Le deuxième moyen portait sur le grief relatif à la revente de produits usagés ou dont les emballages avaient été ôtés. La question posée à la Cour portait sur la notion d’altération. Le revendeur reprochait à la cour d’appel d’avoir retenu une atteinte alors qu’en application de la règle de l’épuisement des droits, le titulaire de la marque ne peut s’opposer à tout nouvel acte de commercialisation que s’il justifie de motifs légitimes, tenant notamment à la modification ou à l’altération, ultérieurement intervenue, de l’état des produits. Le revendeur soutenait que l’altération des produits s’entend d’une dégradation de leurs qualités, qui ne peut se déduire automatiquement de leur simple utilisation. La Cour rejette ce moyen en retenant que « s’agissant de parfums et de produits cosmétiques, toute utilisation partielle d’un produit conduit à son altération, laquelle est gravement préjudiciable à l’image de la société titulaire de la marque et à l’univers de luxe et de pureté qu’elle véhicule. Dès lors, le titulaire de la marque est fondé à s’opposer à tout acte de commercialisation d’un produit cosmétique et de parfumerie dont il n’a pas été établi qu’il n’ait jamais été utilisé au préalable ».

Le troisième moyen portait sur la condamnation du fait de la revente de produit neufs. Dans ce cas, la cour d’appel avait constaté que le revendeur avait licitement acquis le produit litigieux auprès du particulier qui l’avait lui-même licitement acheté à un membre du réseau de distribution sélectif.

La cour d’appel avait toutefois condamné le revendeur sur le fondement de la concurrence déloyale et du parasitisme au motif qu’il ne devait pas concurrencer la vente de produits neufs, dont le réseau de distribution sélective a l’exclusivité.

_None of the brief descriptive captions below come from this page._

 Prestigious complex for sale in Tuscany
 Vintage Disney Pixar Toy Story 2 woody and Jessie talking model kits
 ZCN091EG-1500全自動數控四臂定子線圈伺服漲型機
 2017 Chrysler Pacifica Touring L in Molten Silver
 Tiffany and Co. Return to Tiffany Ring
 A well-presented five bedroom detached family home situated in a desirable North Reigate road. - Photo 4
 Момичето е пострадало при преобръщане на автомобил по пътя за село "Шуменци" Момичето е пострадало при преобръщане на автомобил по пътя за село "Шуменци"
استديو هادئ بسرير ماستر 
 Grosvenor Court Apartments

La Cour d’appel avait en effet jugé que la pratique consistant à comparer les prix par l’apposition sur l’emballage, de son prix de revente en comparaison de celui du produit neuf consistait dans un comportement fautif constitutif de parasitisme et d’une atteinte au réseau sélectif de vente. Le revendeur faisait valoir que i) des produits d’occasion, même d’état neuf, n’appartiennent pas au même marché que des produits neufs équivalents, ii) ne constitue pas une concurrence déloyale, ni un parasitisme, le simple fait pour un revendeur de produits d’occasion, même d’état neuf, de présenter une comparaison avec le prix des produits neufs équivalents ou de s’appuyer sur la renommée de la marque desdits produits, qu’il a licitement acquis.

La Cour écarte le moyen en retenant que le comportement fautif était caractérisé par le fait que le dirigeant de la société revendeur invitait les clients potentiels à tester les produits chez le revendeur agréé situé dans la même galerie avant de revenir les acheter dans sa boutique où il les vendait moins cher.